# Buyers advice?



## fli gti (Jun 12, 2007)

Hey guys,
I am a lifelong VW guy, and am looking at an A6 wagon for the missus. Can you let me know some of the chronic problems to watch out for in this car? I know that being a VWAG vehicle its going to have some "quirks" I just want to know what to look for.
Thanks in advance!


----------



## GLS-S4 (Jun 6, 2005)

*Re: Buyers advice? (fli gti)*

What year range and engine are you interested in?


----------



## ragtop (Feb 20, 2006)

*Re: Buyers advice? (GLS-S4)*

good cars, tha abs module goes out like the passats and the timing belt needs to be good. i wouldnt trade mine for the world.


----------



## fli gti (Jun 12, 2007)

*Re: Buyers advice? (GLS-S4)*

Age range, probably 2000 or 2001. As far as engine is concerned, as long as it isn't a damn 1.8T I don't care.

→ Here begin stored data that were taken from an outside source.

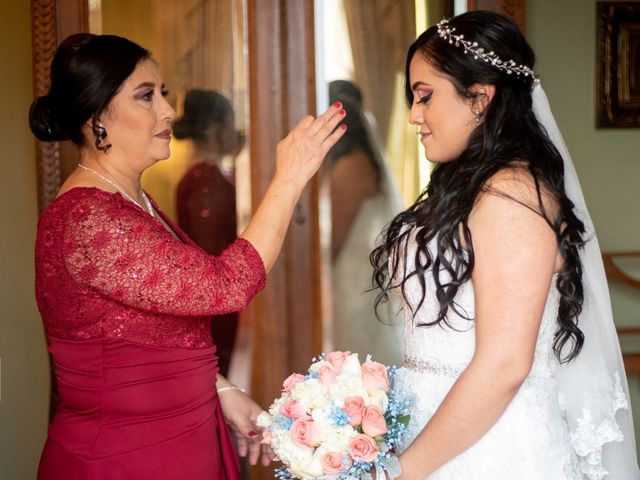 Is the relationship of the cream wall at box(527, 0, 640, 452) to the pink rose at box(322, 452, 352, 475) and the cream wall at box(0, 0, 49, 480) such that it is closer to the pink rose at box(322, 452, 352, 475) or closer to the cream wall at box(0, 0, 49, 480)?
the cream wall at box(0, 0, 49, 480)

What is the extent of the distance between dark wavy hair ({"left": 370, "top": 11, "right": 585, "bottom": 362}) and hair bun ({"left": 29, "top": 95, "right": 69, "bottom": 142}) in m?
0.92

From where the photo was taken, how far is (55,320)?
5.93ft

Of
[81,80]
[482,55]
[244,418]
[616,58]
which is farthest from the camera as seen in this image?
[616,58]

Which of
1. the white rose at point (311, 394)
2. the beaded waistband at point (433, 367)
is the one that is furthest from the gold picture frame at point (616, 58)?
the white rose at point (311, 394)

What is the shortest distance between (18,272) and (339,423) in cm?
192

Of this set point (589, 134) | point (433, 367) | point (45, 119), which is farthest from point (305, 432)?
point (589, 134)

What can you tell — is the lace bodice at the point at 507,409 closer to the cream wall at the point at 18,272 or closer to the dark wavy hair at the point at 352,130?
the dark wavy hair at the point at 352,130

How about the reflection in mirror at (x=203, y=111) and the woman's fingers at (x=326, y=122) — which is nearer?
the woman's fingers at (x=326, y=122)

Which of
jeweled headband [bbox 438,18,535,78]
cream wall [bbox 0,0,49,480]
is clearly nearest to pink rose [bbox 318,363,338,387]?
jeweled headband [bbox 438,18,535,78]

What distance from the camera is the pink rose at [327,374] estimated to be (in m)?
1.56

Because of the loan, I need less than 75K miles, and because of budget, I want to spend around 10K.


----------



## borntorage (Jun 2, 2004)

*Re: Buyers advice? (fli gti)*

There are out there in that price range. 
I am to pick up mine this Friday, '00 A6 Avant with 73k on the clock. Non-turbo, straight V6?, 2.8L. 
I have experience with a B5 and did not want to get near a turbo with high miles....


----------



## BHB (Oct 26, 2004)

*Re: Buyers advice? (borntorage)*


_Quote, originally posted by *borntorage* »_straight V6


----------



## borntorage (Jun 2, 2004)

*Re: Buyers advice? (bhb399mm)*

I hope the 2.8L is not turbo....


----------



## BHB (Oct 26, 2004)

*Re: Buyers advice? (borntorage)*

its not. there are four engine choices for C5 Avants. 
1) 2.7T, available only in the allroad, both tiptronic and 6-speed available
2) 2.8, non turbo
3) 3.0, non turbo, newer C5s
4) 4.2, non turbo, S6 avant, allroad



_Modified by bhb399mm at 2:33 PM 6-20-2007_


----------



## borntorage (Jun 2, 2004)

*Re: Buyers advice? (bhb399mm)*

http://****************.com/smile/emthup.gif Great!
I am still trying to get up to speed on Audi's.


----------



## BHB (Oct 26, 2004)

*Re: Buyers advice? (borntorage)*

came to the right place


----------



## vento98 (May 25, 2002)

*Re: Buyers advice? (bhb399mm)*


_Quote, originally posted by *bhb399mm* »_









I think he means non turbo


----------